▸ **Dataset extract**:
══════
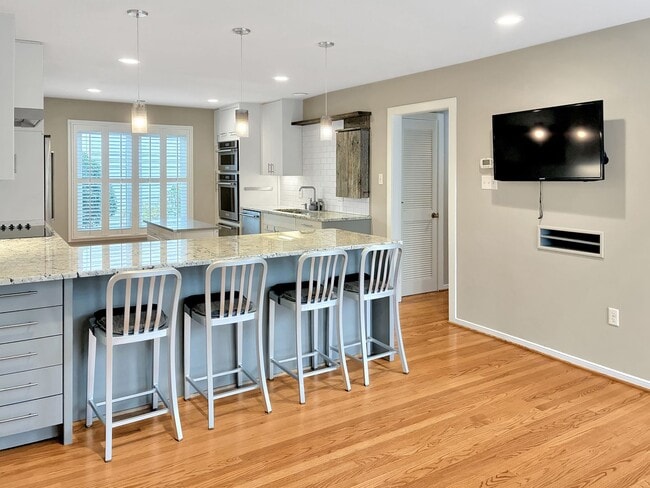 Building Photo - Recently Remodeled 3 bed 3 bath in Tuckahoe!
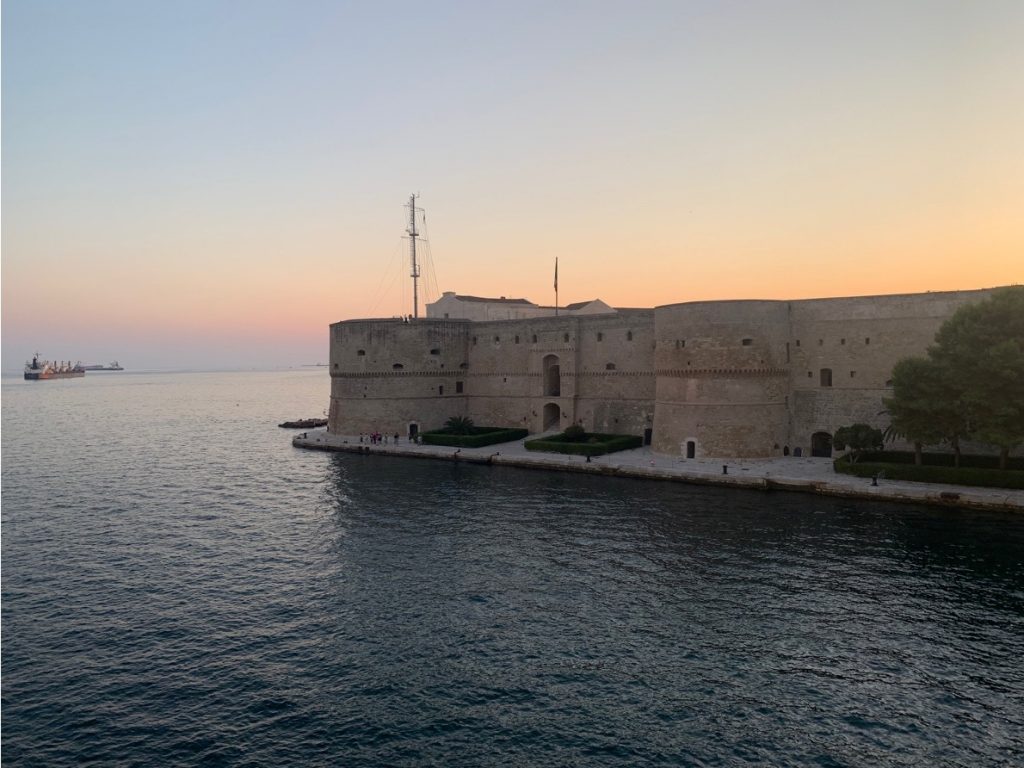 Fortezza a strapiombo sul mare all'ora del tramonto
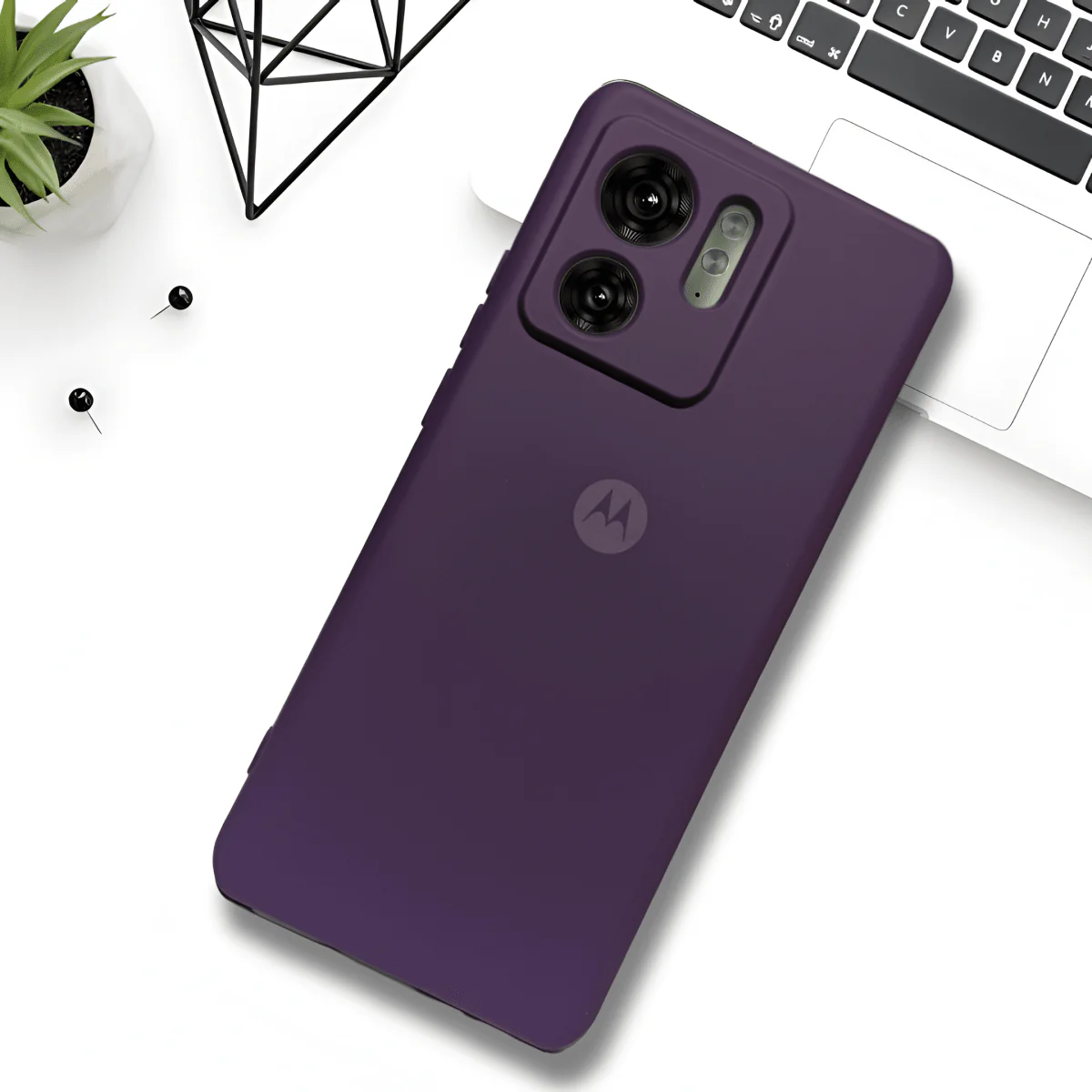 Deep Purple Camera Original Silicone case for Motorola Edge 40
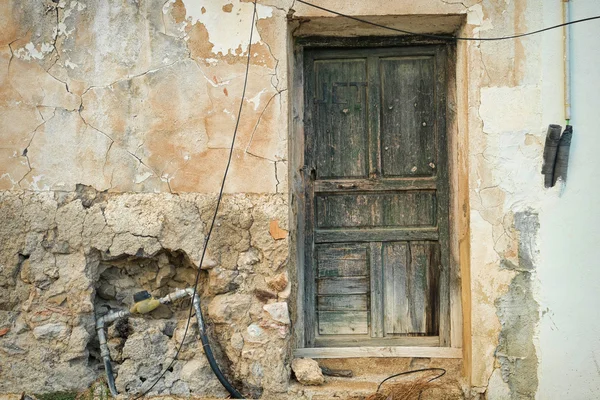 Staré rozpadající se dům fasáda — Stock fotografie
══════
▸ **What is expected**: Set the material above down again word for word. Include none of its pictures.

▸ **Output of the exercise**:
 Building Photo - Recently Remodeled 3 bed 3 bath in Tuckahoe!
 Fortezza a strapiombo sul mare all'ora del tramonto
 Deep Purple Camera Original Silicone case for Motorola Edge 40
 Staré rozpadající se dům fasáda — Stock fotografie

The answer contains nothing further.